_What to produce_. Once the line holding "If you are sharing" is found, output it and all remaining lines of the data exactly, with every picture left out.

_Source material_.

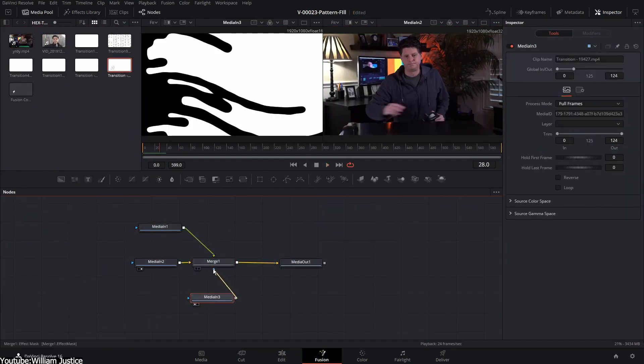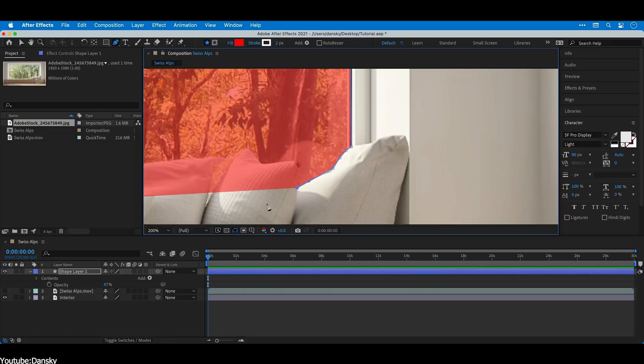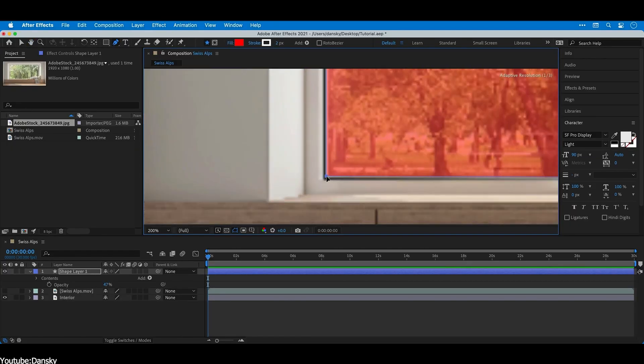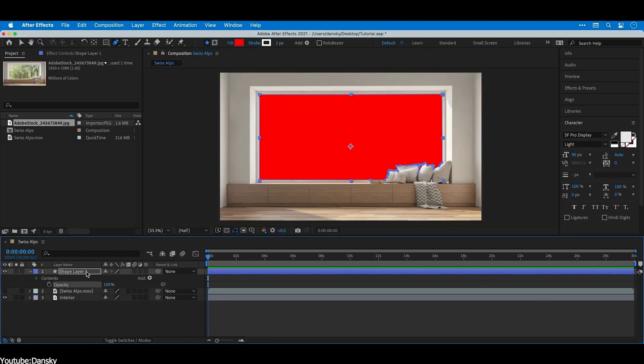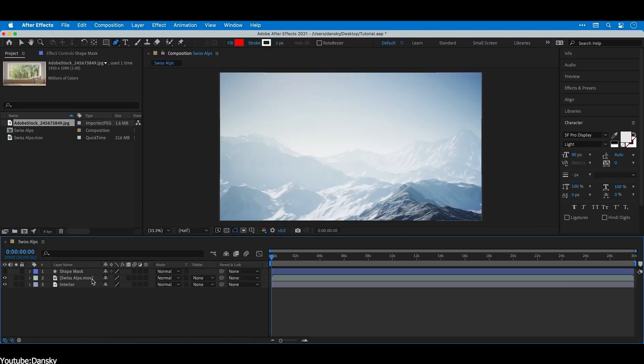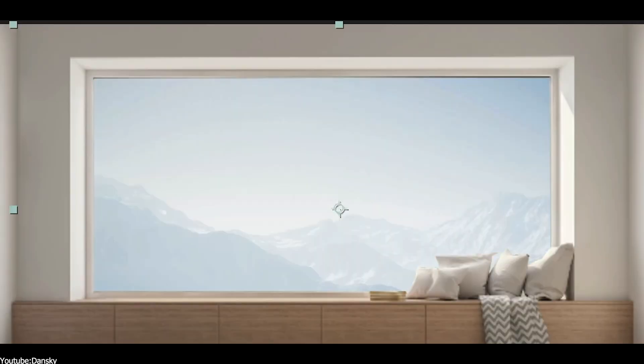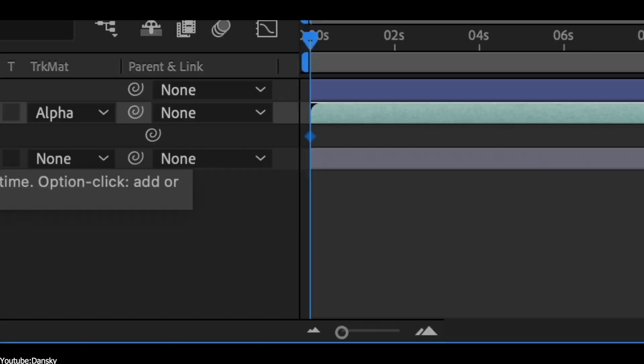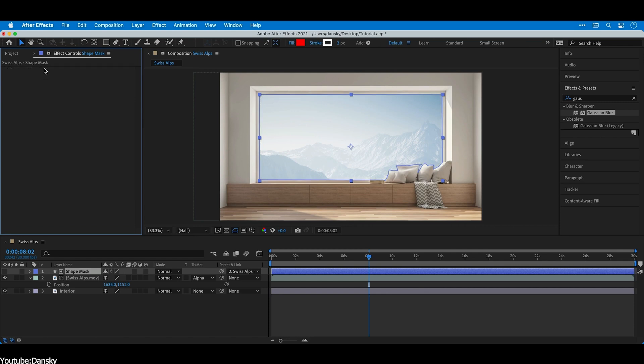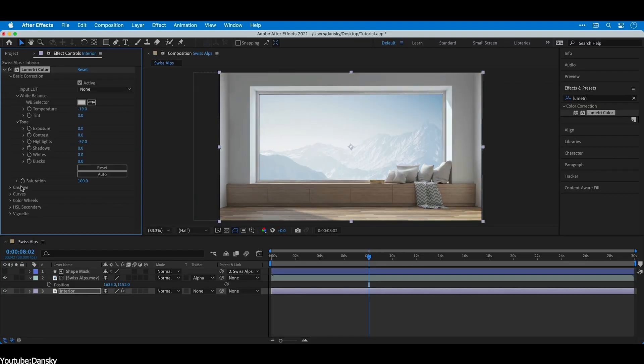Both provide automatic masking alternatives: Rotobrush for After Effects and Magic Mask for Fusion, which allow you to automatically separate elements from the background without using manual masks, which is really handy. Now let's look at third-party development.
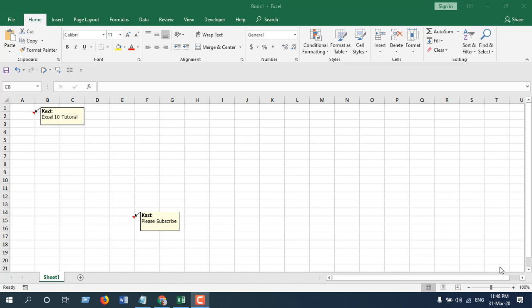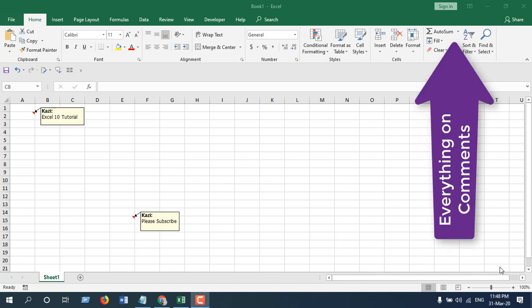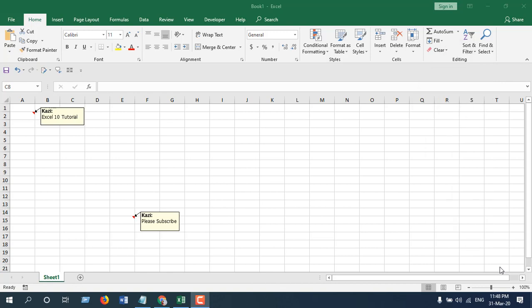Hello everyone, welcome to Excel Time tutorial. In this quick tutorial I'm going to show you how you can delete all comments inside a worksheet at once in Microsoft Excel. I have covered several videos on comments, please check out this playlist for that and let's get started.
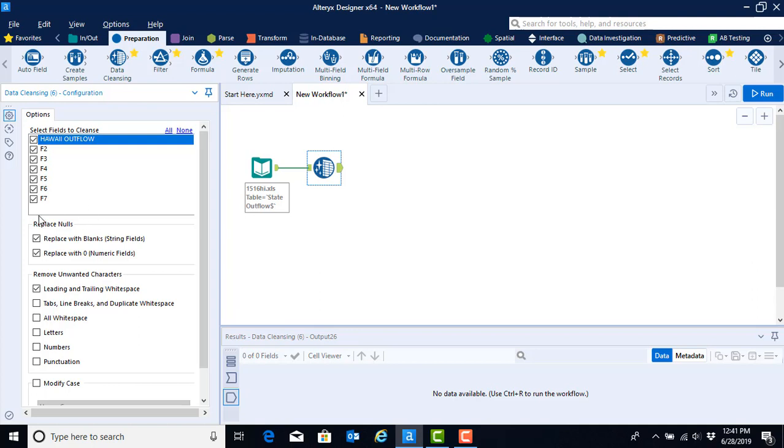The next option is to replace nulls with either blanks if they were read in as string fields, or zeros if they were read in as numeric fields. You really want to think about whether this preset configuration is appropriate for your data set, because sometimes if you replace a numeric value that's missing with a zero, you could end up skewing your underlying data. For this data set, it's perfectly fine to replace the nulls with either blanks or zeros, so we can leave those default configurations.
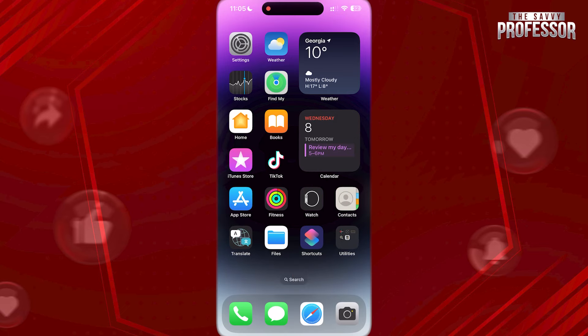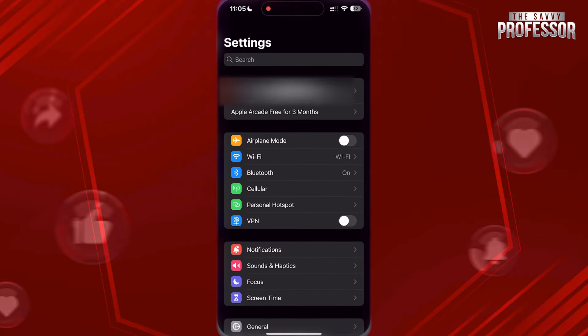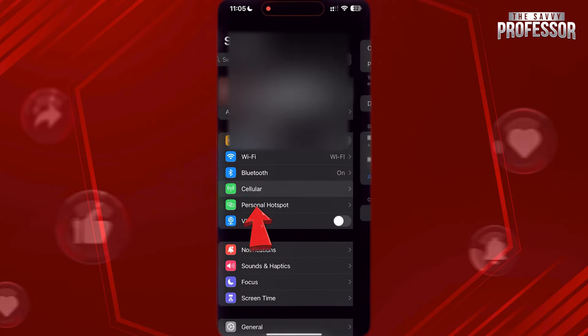If you are sharing your internet with your friends using personal hotspot and you want to know how much data is used by doing that, you have to open settings. Now tap on Cellular here.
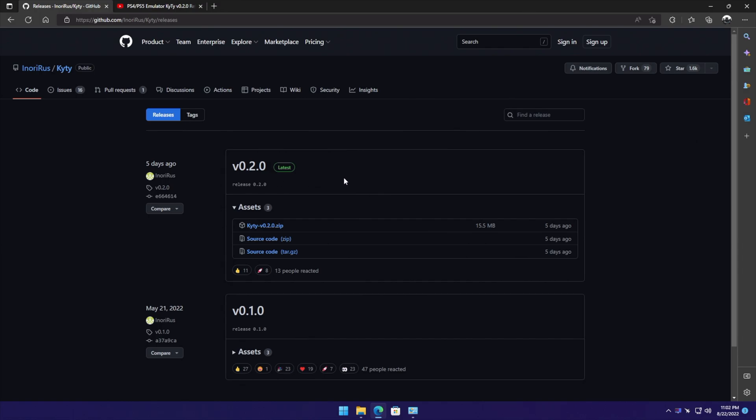Before we get any further into this, I want to mention that it is super early for this emulator. You're not going to be playing The Last of Us Remastered for a while now, and hopefully that does change down the road, but this is really great news for the emulation scene.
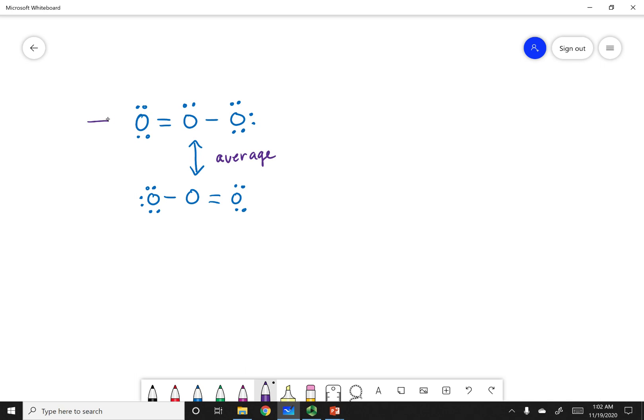If I can draw two equivalent resonance structures, I draw them out and put a resonance arrow — a double-headed arrow — between them. This arrow does not mean the structure flips back and forth. It means: take the average of these two structures. That mixture is the true structure seen experimentally. If one were the true structure, I would see a double bond and a single bond — two types of bonds — but experimentally I only see one type of bond.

_Solution for this exercise_.
If you are sharing your internet with your friends using personal hotspot and you want to know how much data is used by doing that, you have to open settings. Now tap on Cellular here.
Before we get any further into this, I want to mention that it is super early for this emulator. You're not going to be playing The Last of Us Remastered for a while now, and hopefully that does change down the road, but this is really great news for the emulation scene.
If I can draw two equivalent resonance structures, I draw them out and put a resonance arrow — a double-headed arrow — between them. This arrow does not mean the structure flips back and forth. It means: take the average of these two structures. That mixture is the true structure seen experimentally. If one were the true structure, I would see a double bond and a single bond — two types of bonds — but experimentally I only see one type of bond.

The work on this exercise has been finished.